## Data for review
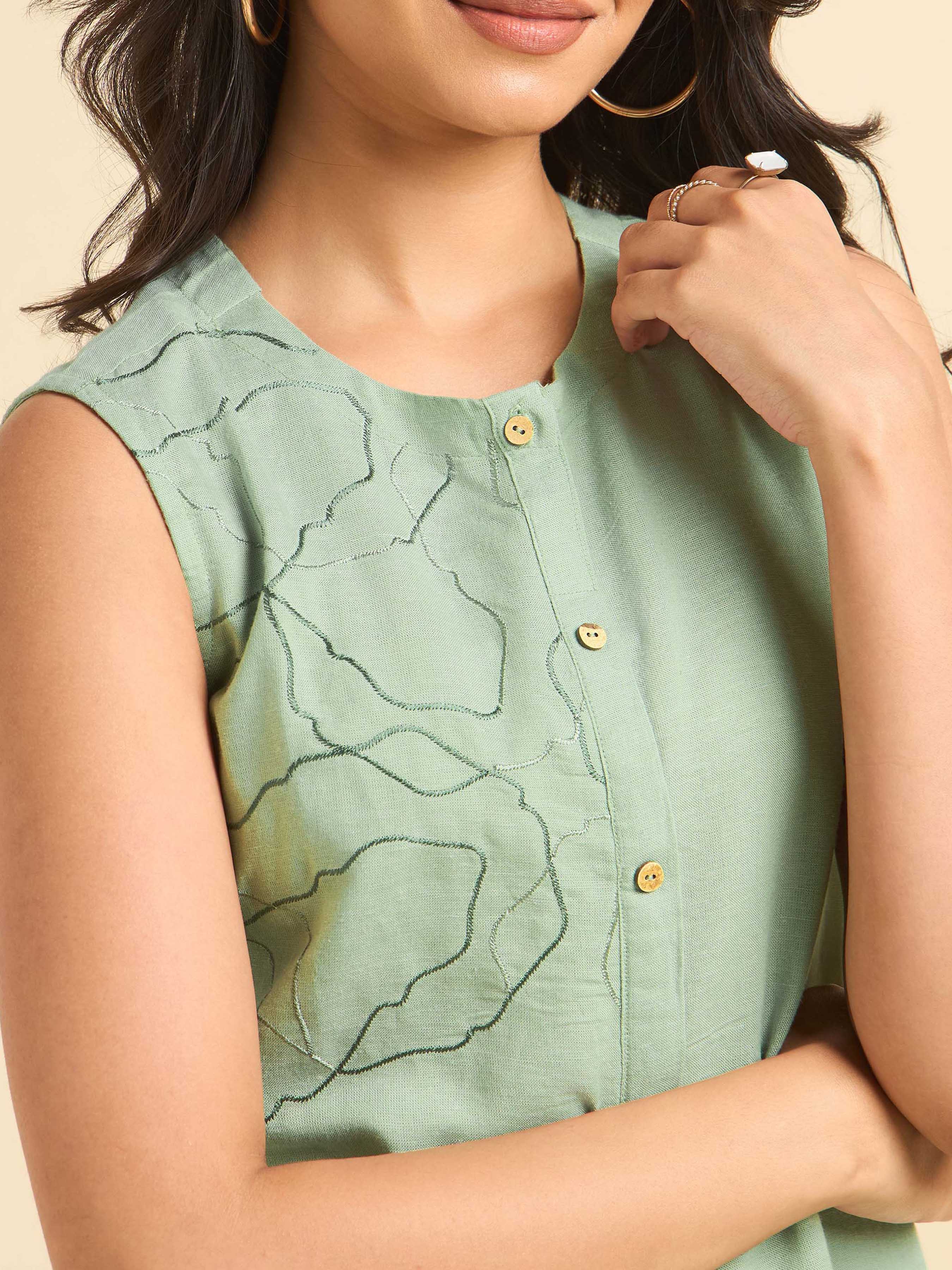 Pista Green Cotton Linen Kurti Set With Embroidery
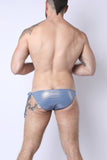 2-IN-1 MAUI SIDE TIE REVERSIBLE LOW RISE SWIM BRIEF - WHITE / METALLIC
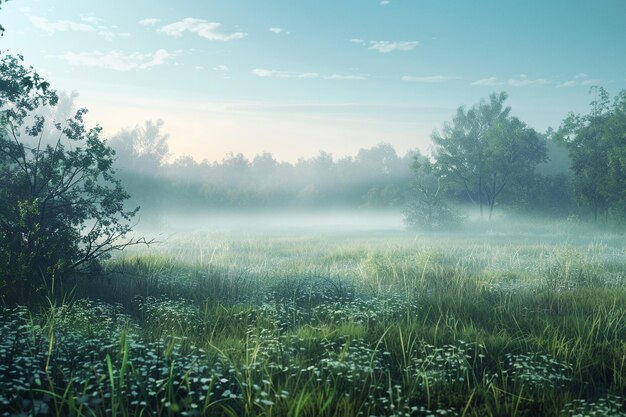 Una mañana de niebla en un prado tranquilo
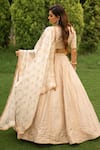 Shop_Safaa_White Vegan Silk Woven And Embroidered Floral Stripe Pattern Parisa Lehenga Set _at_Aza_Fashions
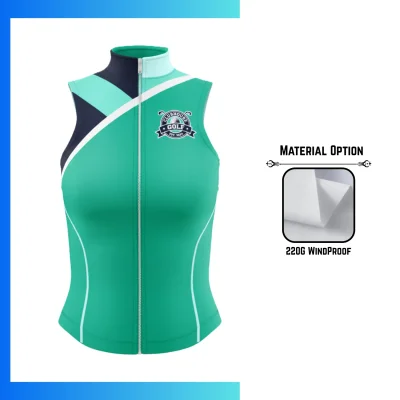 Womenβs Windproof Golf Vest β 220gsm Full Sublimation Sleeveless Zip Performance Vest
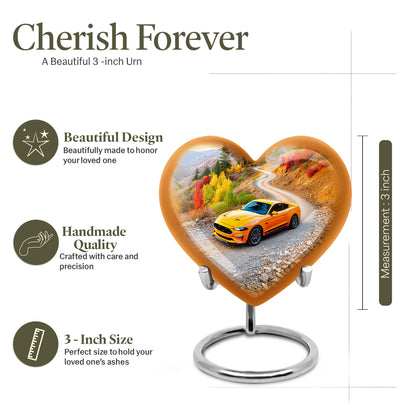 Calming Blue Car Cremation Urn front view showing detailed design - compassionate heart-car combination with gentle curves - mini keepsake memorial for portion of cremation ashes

* * *

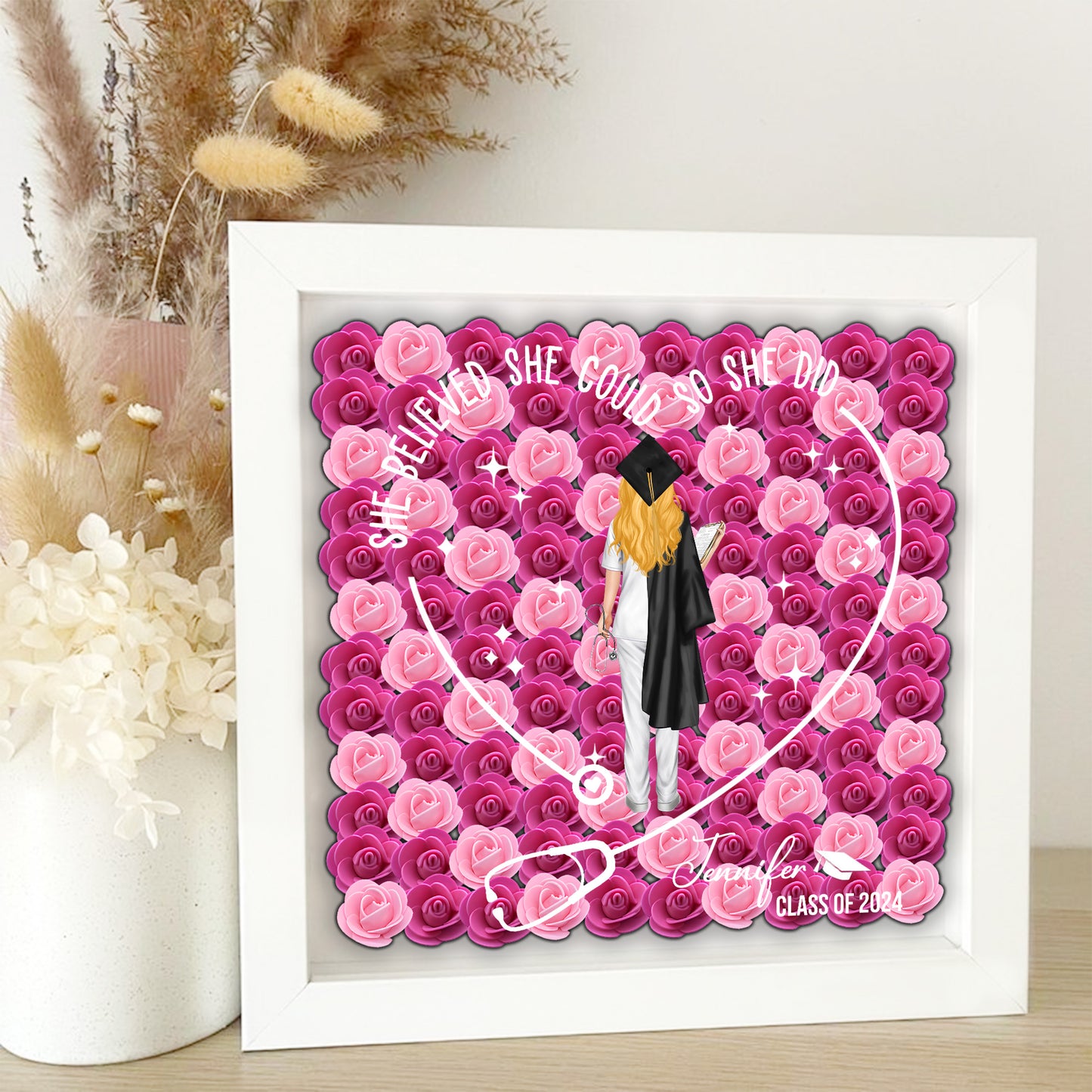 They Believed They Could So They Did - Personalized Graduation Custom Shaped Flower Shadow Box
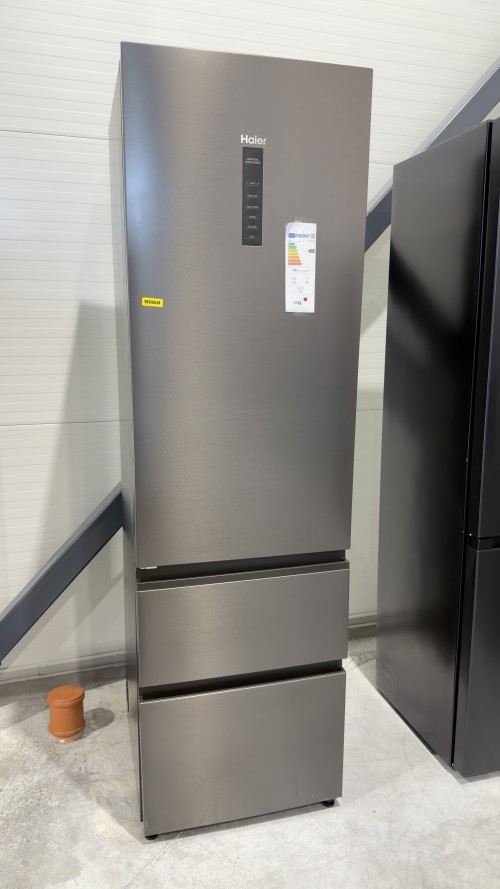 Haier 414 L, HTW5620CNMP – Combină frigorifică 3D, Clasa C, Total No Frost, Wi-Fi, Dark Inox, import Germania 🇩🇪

## Task instructions
Copy the entries above exactly, but only the stretch from the line containing "Una mañana de niebla en un prado tranquilo" through the line containing "Womenβs Windproof Golf". Keep both end lines; drop the pictures.

## Exercise output
 Una mañana de niebla en un prado tranquilo
 Shop_Safaa_White Vegan Silk Woven And Embroidered Floral Stripe Pattern Parisa Lehenga Set _at_Aza_Fashions
 Womenβs Windproof Golf Vest β 220gsm Full Sublimation Sleeveless Zip Performance Vest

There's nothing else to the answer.